**To do:** Scan the entries line by line and return those with "Cordless".

Data entries:
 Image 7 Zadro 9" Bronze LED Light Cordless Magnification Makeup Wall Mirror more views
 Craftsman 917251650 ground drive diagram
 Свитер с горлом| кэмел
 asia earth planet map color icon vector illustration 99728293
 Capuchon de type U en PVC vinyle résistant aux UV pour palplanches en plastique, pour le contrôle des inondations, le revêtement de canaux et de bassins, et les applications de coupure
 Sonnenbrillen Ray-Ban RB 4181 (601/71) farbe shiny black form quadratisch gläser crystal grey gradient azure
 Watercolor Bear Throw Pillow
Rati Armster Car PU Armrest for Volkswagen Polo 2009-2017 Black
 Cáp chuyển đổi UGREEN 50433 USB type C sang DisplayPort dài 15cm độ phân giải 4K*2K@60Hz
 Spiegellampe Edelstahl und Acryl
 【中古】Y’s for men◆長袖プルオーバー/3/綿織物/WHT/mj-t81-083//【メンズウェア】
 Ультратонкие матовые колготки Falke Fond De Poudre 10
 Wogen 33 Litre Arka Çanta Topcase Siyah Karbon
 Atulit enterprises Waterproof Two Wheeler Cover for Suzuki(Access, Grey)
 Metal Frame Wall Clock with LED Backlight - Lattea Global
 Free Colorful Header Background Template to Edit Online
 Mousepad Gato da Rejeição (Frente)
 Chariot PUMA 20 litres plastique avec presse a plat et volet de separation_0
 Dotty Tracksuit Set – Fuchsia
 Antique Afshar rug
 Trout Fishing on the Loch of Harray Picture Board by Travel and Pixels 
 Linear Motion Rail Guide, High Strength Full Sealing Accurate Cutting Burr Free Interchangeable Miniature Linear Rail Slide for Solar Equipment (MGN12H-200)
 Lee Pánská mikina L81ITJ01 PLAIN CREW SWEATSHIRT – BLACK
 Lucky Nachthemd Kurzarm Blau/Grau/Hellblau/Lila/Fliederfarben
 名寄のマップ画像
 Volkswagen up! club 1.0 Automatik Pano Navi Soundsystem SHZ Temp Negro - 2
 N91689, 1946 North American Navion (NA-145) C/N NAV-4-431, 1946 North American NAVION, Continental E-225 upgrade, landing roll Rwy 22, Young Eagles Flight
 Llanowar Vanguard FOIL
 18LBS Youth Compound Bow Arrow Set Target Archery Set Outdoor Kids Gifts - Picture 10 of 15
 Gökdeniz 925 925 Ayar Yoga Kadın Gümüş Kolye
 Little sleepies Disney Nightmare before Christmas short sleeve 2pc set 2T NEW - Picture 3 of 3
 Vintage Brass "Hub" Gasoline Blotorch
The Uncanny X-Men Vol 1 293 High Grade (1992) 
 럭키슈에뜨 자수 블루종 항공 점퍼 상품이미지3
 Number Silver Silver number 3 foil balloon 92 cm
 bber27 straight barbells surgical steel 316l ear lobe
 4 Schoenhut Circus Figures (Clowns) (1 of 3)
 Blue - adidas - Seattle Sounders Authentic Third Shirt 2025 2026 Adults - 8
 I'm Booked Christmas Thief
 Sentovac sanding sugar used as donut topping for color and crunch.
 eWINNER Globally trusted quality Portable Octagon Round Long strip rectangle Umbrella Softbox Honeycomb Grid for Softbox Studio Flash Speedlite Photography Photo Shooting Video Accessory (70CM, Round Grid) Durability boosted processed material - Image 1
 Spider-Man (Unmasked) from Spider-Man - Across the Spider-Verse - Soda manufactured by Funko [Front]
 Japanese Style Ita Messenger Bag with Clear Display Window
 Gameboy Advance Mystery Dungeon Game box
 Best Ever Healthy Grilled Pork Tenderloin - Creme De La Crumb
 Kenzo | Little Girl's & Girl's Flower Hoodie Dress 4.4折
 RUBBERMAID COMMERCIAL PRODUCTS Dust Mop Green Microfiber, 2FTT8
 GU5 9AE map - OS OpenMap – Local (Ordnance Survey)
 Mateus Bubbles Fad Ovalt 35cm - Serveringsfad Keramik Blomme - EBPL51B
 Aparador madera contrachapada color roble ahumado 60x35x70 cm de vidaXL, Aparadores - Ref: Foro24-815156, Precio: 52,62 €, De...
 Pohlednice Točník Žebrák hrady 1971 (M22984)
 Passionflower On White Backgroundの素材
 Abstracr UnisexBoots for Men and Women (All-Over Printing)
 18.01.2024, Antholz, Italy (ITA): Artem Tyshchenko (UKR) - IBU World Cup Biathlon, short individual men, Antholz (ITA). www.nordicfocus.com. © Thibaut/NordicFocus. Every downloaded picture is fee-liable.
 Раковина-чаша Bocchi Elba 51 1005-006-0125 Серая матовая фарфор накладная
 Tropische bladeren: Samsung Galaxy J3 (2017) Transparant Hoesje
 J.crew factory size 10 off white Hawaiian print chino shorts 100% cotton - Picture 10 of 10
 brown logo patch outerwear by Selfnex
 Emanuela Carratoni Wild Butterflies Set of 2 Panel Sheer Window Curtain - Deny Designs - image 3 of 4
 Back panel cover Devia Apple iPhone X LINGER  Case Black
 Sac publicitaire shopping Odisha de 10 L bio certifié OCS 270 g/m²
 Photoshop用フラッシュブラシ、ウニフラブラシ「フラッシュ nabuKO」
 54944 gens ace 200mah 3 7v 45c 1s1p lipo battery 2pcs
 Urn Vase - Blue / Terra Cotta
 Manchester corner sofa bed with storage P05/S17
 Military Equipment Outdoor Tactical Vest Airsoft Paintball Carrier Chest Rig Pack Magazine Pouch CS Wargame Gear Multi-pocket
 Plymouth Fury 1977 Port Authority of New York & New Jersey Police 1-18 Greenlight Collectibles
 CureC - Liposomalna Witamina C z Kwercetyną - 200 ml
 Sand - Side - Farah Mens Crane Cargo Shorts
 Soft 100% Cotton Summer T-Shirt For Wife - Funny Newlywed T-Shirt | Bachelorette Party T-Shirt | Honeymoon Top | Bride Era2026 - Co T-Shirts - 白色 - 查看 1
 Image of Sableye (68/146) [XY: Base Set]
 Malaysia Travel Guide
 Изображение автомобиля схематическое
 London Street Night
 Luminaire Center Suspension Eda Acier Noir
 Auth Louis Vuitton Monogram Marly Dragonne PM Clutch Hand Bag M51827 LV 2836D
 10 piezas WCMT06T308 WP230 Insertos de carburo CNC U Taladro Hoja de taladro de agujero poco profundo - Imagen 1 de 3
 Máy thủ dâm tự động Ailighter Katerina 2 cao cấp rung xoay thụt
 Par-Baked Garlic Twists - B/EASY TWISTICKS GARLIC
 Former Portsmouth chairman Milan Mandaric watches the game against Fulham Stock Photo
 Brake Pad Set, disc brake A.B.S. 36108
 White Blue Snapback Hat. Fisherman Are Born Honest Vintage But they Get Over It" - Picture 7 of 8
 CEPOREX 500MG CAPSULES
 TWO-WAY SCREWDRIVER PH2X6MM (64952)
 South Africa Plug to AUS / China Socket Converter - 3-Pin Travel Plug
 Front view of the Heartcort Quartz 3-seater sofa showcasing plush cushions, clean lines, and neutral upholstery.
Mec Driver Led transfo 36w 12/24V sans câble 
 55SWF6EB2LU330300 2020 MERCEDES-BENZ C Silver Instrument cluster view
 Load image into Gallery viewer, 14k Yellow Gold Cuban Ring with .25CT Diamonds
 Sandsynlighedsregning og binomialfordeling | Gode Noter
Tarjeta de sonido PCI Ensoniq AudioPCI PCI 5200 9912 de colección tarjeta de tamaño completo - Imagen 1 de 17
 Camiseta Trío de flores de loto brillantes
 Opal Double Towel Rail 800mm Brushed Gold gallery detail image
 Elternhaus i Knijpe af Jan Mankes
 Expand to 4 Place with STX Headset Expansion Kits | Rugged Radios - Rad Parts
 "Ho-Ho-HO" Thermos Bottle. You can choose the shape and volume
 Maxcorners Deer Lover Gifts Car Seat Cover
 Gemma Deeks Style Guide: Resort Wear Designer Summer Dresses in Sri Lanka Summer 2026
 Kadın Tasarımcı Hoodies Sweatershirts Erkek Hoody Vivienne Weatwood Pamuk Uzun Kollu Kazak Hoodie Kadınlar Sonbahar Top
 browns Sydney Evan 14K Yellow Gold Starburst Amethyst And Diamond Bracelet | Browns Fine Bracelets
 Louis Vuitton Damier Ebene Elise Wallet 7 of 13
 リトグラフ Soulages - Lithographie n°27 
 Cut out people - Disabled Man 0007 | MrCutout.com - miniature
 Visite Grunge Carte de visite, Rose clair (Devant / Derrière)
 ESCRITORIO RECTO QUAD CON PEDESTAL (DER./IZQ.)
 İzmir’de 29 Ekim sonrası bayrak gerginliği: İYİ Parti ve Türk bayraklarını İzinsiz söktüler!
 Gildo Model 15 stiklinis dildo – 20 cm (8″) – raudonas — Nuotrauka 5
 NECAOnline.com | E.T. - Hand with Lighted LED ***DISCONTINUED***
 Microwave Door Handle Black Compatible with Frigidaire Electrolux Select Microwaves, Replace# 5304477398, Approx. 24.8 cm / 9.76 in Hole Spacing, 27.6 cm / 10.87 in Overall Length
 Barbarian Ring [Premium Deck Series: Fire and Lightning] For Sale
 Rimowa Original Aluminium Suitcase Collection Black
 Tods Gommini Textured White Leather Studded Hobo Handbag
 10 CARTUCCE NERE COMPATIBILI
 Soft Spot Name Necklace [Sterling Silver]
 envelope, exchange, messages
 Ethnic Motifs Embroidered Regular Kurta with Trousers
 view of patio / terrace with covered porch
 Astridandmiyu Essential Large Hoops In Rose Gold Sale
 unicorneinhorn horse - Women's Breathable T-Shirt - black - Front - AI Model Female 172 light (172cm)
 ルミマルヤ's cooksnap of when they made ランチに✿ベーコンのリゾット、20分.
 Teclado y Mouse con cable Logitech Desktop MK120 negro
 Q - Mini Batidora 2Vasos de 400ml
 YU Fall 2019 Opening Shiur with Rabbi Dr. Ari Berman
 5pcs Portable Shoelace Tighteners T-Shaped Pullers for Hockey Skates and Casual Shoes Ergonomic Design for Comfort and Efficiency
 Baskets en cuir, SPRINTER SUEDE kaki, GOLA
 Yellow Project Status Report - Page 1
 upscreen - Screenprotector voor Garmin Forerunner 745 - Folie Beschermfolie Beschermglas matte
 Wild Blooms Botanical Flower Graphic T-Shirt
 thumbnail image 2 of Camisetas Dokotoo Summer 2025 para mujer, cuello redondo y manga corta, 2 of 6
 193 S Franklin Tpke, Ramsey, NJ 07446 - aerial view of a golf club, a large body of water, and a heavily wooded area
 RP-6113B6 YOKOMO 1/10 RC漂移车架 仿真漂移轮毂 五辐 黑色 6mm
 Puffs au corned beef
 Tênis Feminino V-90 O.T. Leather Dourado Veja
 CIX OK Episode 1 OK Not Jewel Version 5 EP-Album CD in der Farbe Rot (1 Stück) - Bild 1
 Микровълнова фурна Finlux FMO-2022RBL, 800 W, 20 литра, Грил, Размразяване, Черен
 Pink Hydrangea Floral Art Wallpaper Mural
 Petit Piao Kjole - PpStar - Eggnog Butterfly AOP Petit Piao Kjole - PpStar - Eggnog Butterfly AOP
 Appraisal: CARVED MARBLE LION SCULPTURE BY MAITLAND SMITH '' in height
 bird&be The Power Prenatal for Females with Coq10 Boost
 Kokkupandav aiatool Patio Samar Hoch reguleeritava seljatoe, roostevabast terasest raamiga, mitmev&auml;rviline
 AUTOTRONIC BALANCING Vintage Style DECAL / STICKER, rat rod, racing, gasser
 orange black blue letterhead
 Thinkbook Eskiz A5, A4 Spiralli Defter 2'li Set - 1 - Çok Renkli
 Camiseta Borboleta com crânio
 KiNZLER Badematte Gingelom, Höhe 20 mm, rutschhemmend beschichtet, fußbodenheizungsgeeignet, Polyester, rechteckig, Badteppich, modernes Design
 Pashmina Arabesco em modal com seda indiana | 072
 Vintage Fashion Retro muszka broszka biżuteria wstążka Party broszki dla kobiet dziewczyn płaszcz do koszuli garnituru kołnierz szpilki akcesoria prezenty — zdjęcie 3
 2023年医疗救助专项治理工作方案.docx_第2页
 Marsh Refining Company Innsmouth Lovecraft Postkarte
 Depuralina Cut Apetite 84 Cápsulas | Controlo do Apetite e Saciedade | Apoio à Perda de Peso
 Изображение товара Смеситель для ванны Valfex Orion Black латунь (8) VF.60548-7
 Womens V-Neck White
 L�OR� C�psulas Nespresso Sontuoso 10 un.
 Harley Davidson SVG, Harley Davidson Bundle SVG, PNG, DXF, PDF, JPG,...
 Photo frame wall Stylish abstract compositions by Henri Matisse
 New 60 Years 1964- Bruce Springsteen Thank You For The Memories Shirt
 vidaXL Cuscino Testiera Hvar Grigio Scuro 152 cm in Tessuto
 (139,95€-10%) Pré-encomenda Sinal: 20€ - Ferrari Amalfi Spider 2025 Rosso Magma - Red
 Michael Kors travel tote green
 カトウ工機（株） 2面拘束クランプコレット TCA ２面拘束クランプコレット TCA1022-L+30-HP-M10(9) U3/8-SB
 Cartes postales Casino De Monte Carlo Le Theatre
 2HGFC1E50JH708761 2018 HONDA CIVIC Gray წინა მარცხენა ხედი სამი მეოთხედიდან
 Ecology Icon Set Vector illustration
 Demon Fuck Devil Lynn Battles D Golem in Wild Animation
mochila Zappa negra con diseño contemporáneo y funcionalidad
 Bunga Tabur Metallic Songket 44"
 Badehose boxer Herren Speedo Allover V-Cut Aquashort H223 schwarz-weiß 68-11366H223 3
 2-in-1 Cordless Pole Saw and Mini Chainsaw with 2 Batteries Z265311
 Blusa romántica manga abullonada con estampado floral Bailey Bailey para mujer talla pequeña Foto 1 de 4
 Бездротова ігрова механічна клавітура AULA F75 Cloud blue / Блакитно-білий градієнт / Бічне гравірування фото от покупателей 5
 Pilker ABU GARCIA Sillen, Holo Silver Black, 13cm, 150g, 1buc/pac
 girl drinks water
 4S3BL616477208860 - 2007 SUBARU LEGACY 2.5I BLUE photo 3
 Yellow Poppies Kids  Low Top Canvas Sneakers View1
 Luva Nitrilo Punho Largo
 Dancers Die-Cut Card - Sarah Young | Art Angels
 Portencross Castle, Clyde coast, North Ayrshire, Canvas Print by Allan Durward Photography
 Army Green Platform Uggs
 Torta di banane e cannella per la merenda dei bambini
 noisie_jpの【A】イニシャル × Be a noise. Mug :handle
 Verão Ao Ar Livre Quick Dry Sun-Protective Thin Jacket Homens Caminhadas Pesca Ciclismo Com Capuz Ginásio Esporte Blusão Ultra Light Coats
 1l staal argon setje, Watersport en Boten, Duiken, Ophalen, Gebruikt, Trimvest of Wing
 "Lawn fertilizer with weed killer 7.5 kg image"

**Your solution:**
 Image 7 Zadro 9" Bronze LED Light Cordless Magnification Makeup Wall Mirror more views
 2-in-1 Cordless Pole Saw and Mini Chainsaw with 2 Batteries Z265311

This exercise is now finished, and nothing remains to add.